Firmy znacząco lepiej niż w zeszłym roku oceniają swoją pozycję na rynku. Co piąta firma (23 proc.) obawia się o swoją przyszłość i jest to dwa razy mniej niż w zeszłym roku (było 48 proc.). A co piąta ma nadzieję na poprawienie kondycji w tym roku. Tak wynika z najnowszego „Barometru Polskiego Rynku Pracy” Personnel Service. Firmy zwiększają zatrudnienie (planuje je 28 proc.) oraz mają zamiar podnosić płace (43 proc.). W kolejnych czterech na dziesięć przedsiębiorstw nie będzie podwyżek. Co dziesiąty pracodawca nie umie obecnie powiedzieć o przyszłych płacach u siebie, a 7 proc. ma zamiar je redukować. Z planów pracodawców wynika, że podwyżki będą miały realne znaczenie dla pracowników: niemal 4 na 10 z nich zakłada wzrost wynagrodzeń o 6-10 proc., 29 proc. firm przewiduje podwyżki w przedziale 11-15 proc., a co dziewiąty z tych, którzy podniosą płace, chce zaoferować 16-20 proc. wyższe pensje.
Czytaj więcej
Chociaż w planach na II kwartał tego roku więcej firm zamierza zwiększać niż ograniczać zatrudnienie, to odsetek tych drugich niepokojąco urósł.
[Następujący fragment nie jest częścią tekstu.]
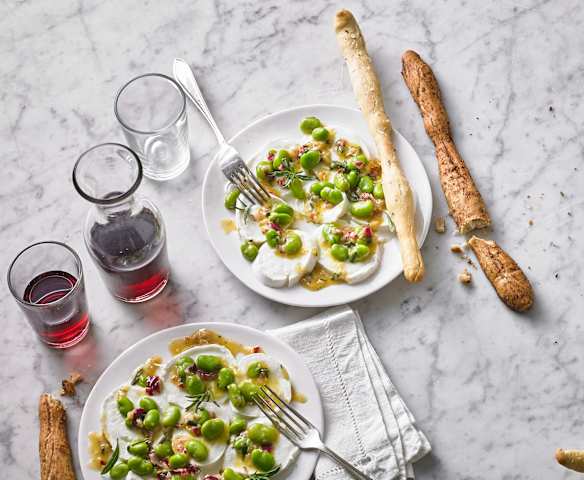 Mozzarella-Carpaccio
- Jeśli nowy wielki kryzys, taki jak Lehman, pandemia, wojna czy Polski Ład, nie wybuchł od roku, to znaczy, że żyjemy w dobrych czasach – mówi Kamil Sobolewski, główny ekonomista Pracodawców RP. - Warto skupić się na szansach, zaplanować przyszłość, co widać w deklaracjach firm. Mniej niż co czwarte badane przedsiębiorstwo spodziewa się pogorszenia swojej sytuacji biznesowej w najbliższym roku. W ślad za optymizmem biznesowym idą rekrutacje, natomiast te plany brutalnie zderzą się z rzeczywistością. Na koniec 2023 roku liczba pracujących w kraju osiągnęła wieloletnie maksimum na poziomie 17,4 mln osób. Trudno liczyć na dalszy wyraźny wzrost zatrudnienia – dodaje Sobolewski.
Obawy firm
Pomimo większego niż w zeszłym roku optymizmu firmy nadal obawiają się inflacji, wzrostu kosztów działalności i deficytu pracowników oraz spadających zamówień (na te bariery wskazał więcej niż co dziesiąty ankietowany).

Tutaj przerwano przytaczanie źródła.